The vehicle units are mounted on the vehicle (e.g. body, windshield, rear-view mirror, bumper, ...). This represents the Vehicle body represents a reference system for the alignment of the intrinsic coordinate system of the vehicle unit. There is a definition of an installation position of the vehicle unit to the vehicle body or to the vehicle body in an "environment" to the installation position. Tolerances of the vehicle body as a "reference system" for the installation of the vehicle unit mean that there are in turn tolerances for the individual vehicle units for the alignment of the intrinsic coordinate system of the vehicle unit relative to the coordinate system of the vehicle.

Even if the coordinate system of the vehicle body had no tolerance, with a defined installation position on the vehicle body there would always be a certain tolerance for the installation itself. This also results in a tolerance for the alignment of the intrinsic coordinate system of the respective vehicle unit relative to the coordinate system of the vehicle.

A further problem for defining the alignment of the intrinsic coordinate system of the respective vehicle unit with the coordinate system of the vehicle is that the relevant coordinate system of the vehicle may not be related to the vehicle body. As far as the vehicle units are concerned with the dynamic recording of the environment during the ongoing ferry operation of the vehicle, the relevant coordinate system is the geometric travel axis of the vehicle.

This geometric travel axis is defined as the bisector of the toe angle of the wheels of the defined reference axis.

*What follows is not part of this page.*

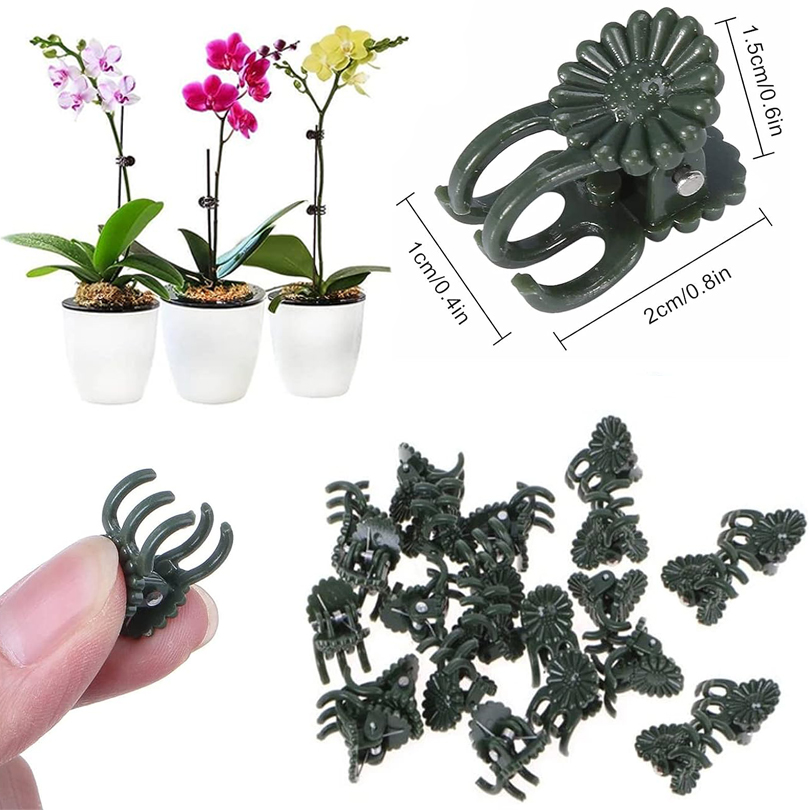 20/50/100PCS Plant Clips Vine  - огляд і ціна Gardening Tools For Vines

In a car, this is the rear axle, where the wheels are usually not steered. If the wheels of this reference axis are steered, the geometric driving axis of the vehicle is defined accordingly in the operating state in which the steering angles of the wheels of the defined axis are equal to ZERO.

These toe angles are parameters of the vehicle's chassis geometry.

The coordinate system of the vehicle defined via the geometric travel axis of the vehicle does not have to correspond to a coordinate system of the vehicle that results from the geometry of the vehicle body. Therefore, the intrinsic coordinate systems of the vehicle aggregates are calibrated relative to the coordinate system of the vehicle. To calibrate and/or adjust these vehicle units, the vehicle is brought into a vehicle test bench, in which the coordinate system of the vehicle is measured relative to the coordinate system of the vehicle test bench. Alternatively, the vehicle can also be positioned in the vehicle test bench in such a way that the coordinate system of the vehicle is defined relative to the coordinate system of the vehicle test bench. Test bench units are arranged in the vehicle test bench, the intrinsic coordinate system of which is known relative to the coordinate system of the vehicle test bench.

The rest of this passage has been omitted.